From keld@dkuug.dk Fri Sep  4 23:17:39 1992
Received: by dkuug.dk (5.64+/8+bit/IDA-1.2.8)
	id AA23480; Fri, 4 Sep 92 23:17:39 +0200
Date: Fri, 4 Sep 92 23:17:39 +0200
From: Keld J|rn Simonsen <keld@dkuug.dk>
Message-Id: <9209042117.AA23480@dkuug.dk>
To: i18n@dkuug.dk
Subject: Re:  request for feedback on character set identification proposal
Cc: iso10646@jhuvm.bitnet
X-Charset: ASCII
X-Char-Esc: 29

Some comments on character set naming.

I believe the paper from Ju:rgen Bettels is a good starting
point for a very necessesary task.

I have done quite some work on this also, viz. the 
JTC1/SC2/WG2 and JTC1/SC22/WG20 papers I have delivered 
and the RFC 1345 I was the author of.

The scope is about right, as far as I can tell, I have tried
to cover the same (almost) in the above mentioned papers.

Some additional remarks:

I believe SC22 will need for programming language support
character set names like "ASCII", "ISO8859-1" "IBM850"
"UCS2" - that is: tokens that could be used in programming languages
as a way to charactarize strings etc. Several names (aliases)
would be convenient for this, eg "ISO8859-1", "ISO-IR-100",
"IBM819" which could all mean the same encoding.
Is that intended to be covered by the WG3 project?

Also I believe that names covering more than one registration
in the ISO 2375 registry will be needed. Eg "ISO8859-1"
covers registration 6 and 100 and a C0 and C1 control set,
in total 4 2375 registered sets. For convenience it should be possible
to refer this under one name.
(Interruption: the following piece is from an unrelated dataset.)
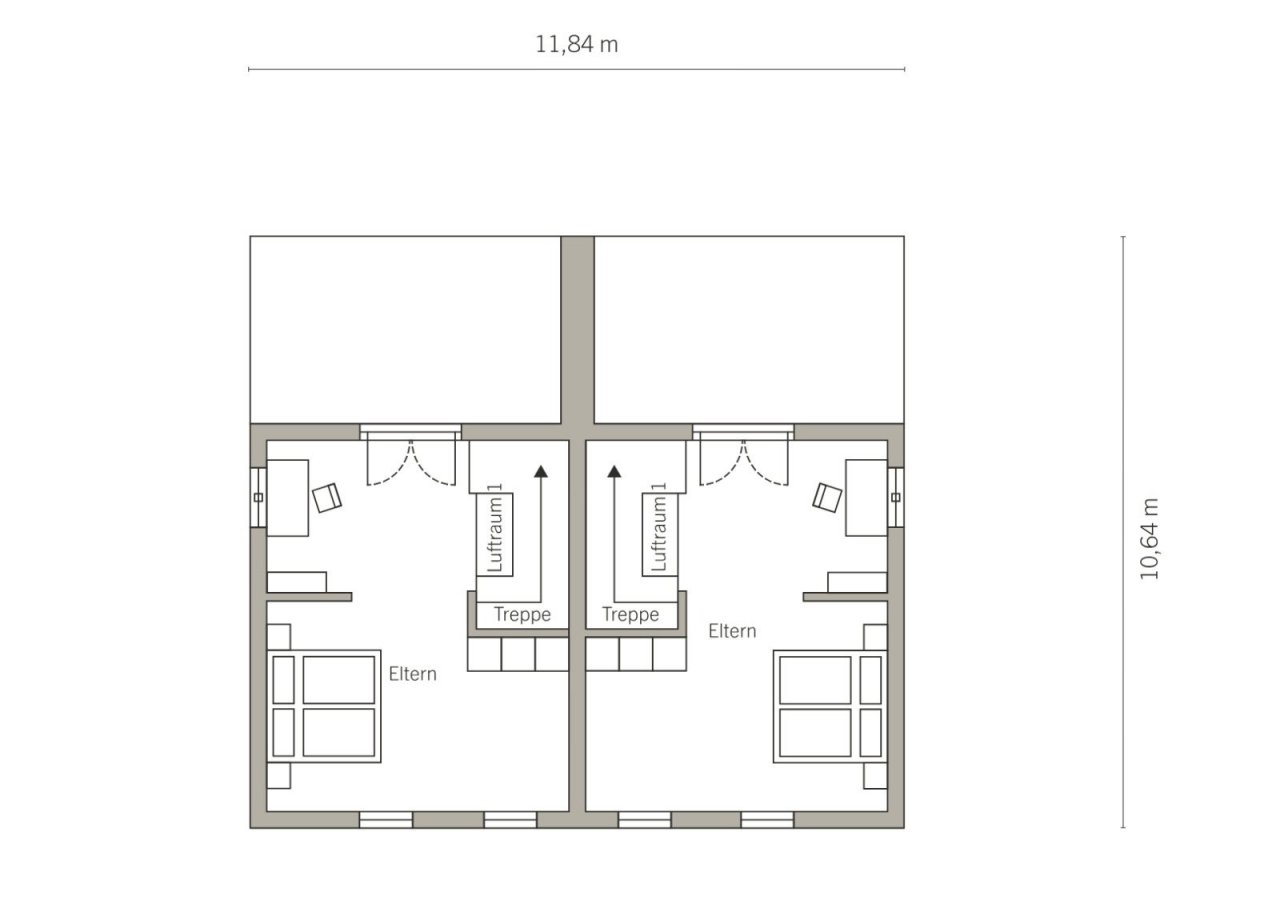 Grundriss Dachgeschoss Grundriss Dachgeschoss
The same goes for eg. the different
Japanese encodings, where explicit shifts between character
sets (SO/SI) may occur.

In SC22, POSIX is doing specifications of character sets in "charmaps"
and a registry of charmaps are on the agenda of SC22/WG15 and
SC22/WG20. Charmap format is specified in ISO/IEC DIS 9945-2:1992
This should be consistent with the new work from WG3. 

It would be very convenient if the new registry could be provided
on-line, eg as a Directory (X.500) service, and via FTAM and FTP.

Keld Simonsen